— Держи карман шире, — выскочил из-за печки брат Колька, — он тебе еще пряников насыплет.
Отец в бога не верил.
— С пятнадцатого года, с окопов, большевики научились на бога плевать, — говорил он.
Но однажды и он встал на колени перед иконой. Случилось это после того, как он раза три пропил на базаре собранное матерью для продажи масло. Для важности, что ли, он перед иконой встал — не перед печкой же зарекаться.
— В рот капли не возьму, господи. Отсохни язык, коль вру, — говорил он с богом, вроде как с бригадиром Поповым. — Господи.
— В кой раз зарекаешься, кобель лысый, — говорила мать.
— Да замолчи ты, в бога, в чертей!.. Господи…
Братья за животы хватаются. Шурка тоже визжит, не поймет сам с чего, просто весело, но неожиданно получает от матери по загривку. А отец поднимается, в усах усмешка играет.
— Ну вот, — говорит он, — все испортили.
Конечно же, отец после при случае с гостями выпивал, чтобы от души поговорить, сплясать лихо, со свистом, попеть хорошие песни. А перед иконой он становился, должно быть, для балагурства.
…Сидит Шурка на березе. Облака над ним плывут легкие, как и Шуркины мысли, и нет им предела, облакам, как и нет предела Шуркиному детству.
С востока начал нарастать гул. Три больших зеленых самолета со звездами на крыльях пронеслись над головой, аж береза под ними задрожала.
— Ух-х! — задохнулся Шурка от восторга, а по коже мурашки.
Вот бы прицепиться сзади, как за полуторку. Да где, разве удержишься? Самолеты утянули за собой звук плавно, как резину.
Шурке не верилось, что летчики такие же, как и все люди.
Они, наверное, летают и летают и из самолетов выходят редко, чтоб в сельпо взять на питание конфет и пряников. Черный хлеб и щи они, ясно, не едят. Шурка даже улыбнулся тому, что вдруг бы летчики стали есть щи. Смехота! Вот бы посмотреть на летчика!
Шурка в мечте улетает с ним.
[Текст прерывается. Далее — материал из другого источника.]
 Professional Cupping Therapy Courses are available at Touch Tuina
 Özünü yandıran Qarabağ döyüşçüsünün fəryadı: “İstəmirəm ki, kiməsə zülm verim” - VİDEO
Сидит в самолете за облаками, правит самолетом, а потом говорит: «Давайте-ка перекусим», — и ест конфеты. А потом пролетит над Буденновкой и сбросит письмо: мол, не ждите, всю жизнь будут летать. Мать, ясно, заплачет, а отец обрадуется, а потом нахмурится: кто ж, скажет, мне обед принесет. Шурке стало жалко родителей, и у него выступили слезы.
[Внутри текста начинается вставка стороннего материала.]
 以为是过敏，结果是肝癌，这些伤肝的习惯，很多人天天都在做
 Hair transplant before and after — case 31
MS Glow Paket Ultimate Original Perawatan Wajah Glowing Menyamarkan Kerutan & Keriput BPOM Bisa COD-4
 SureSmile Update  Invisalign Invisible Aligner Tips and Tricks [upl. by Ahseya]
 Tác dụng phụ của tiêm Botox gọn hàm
— Кар-р-р! — над самым ухом. Шурка чуть с березы не упал. Ворона взвилась, за ней другая. И пошли одна за другой падать прямо на открытую голову. Шурка — вниз. «Свяжись с ними в голоручье — шары повыклюют».
Солнце к полудню: пора обед нести отцу. Шурка вышел на опушку. Сараи — в березняке прямо. Деревеньку лес обступил. Под березой в траве чья-то курица несется. Это Шуркина тайна, и он каждый день выпивает одно яйцо, а одно оставляет для подкладки. Вчера он не навещал гнездо и сегодня выпил два яйца, оттого на душе стало и вовсе благостно.
Вот и его Буденновка: десяток домов, молокозавод, амбары, скотные базы, и все в кучке. Радио грохочет грозными голосами: «Врагу мы скажем, нашу Родину не тронь, а то откроем сокрушительный огонь».
Шурка оглядывает свой дом, прикидывает обстановку. Мать с Колькой и Манькой картошку полют. Лизоренко поит из колоды лошадей. Шурка направляется к колодцу.
— Здорово, дядя Коля! — заговорил он тоном взрослого. — Что-то внутри все жгет. Водицы испить. — Он опрокинулся в глубокую колоду рядом с лошадями так, что рваные штаники обтянулись сзади, обнажив белую ягодицу. Лизоренко плеснул ему на голое ледяной воды. Шурка чуть вздрогнул, но шутку не принял, пил до ломоты в зубах, фыркал по-лошадиному и опять пил. Потом приподнялся, повел взглядом по облакам.
— Что ж это будет, дядя Коля, все сушь, сушь. Попалит все в огородах.
— Та, жарко. — У Лизоренко подергиваются черные длинные усы.
Лизоренко австриец. Его фамилия Лизерехен, но в Буденновке его зовут Николай Иванович Лизоренко. Когда-то давно, в войну с «германцем», он попал к русским в плен и остался навсегда в Сибири. Жена у него, тетя Маша, рыжая чалдонка, две дочери: одна белая Катя, другая смуглая, черноволосая Нина. Шуркин отец зовет его кумом. Они дружат. По вечерам на крыльце курят самосад, беседуют.
— В Галиции-то вы нас чесанули, — говорит отец. — Руки мне там прошили.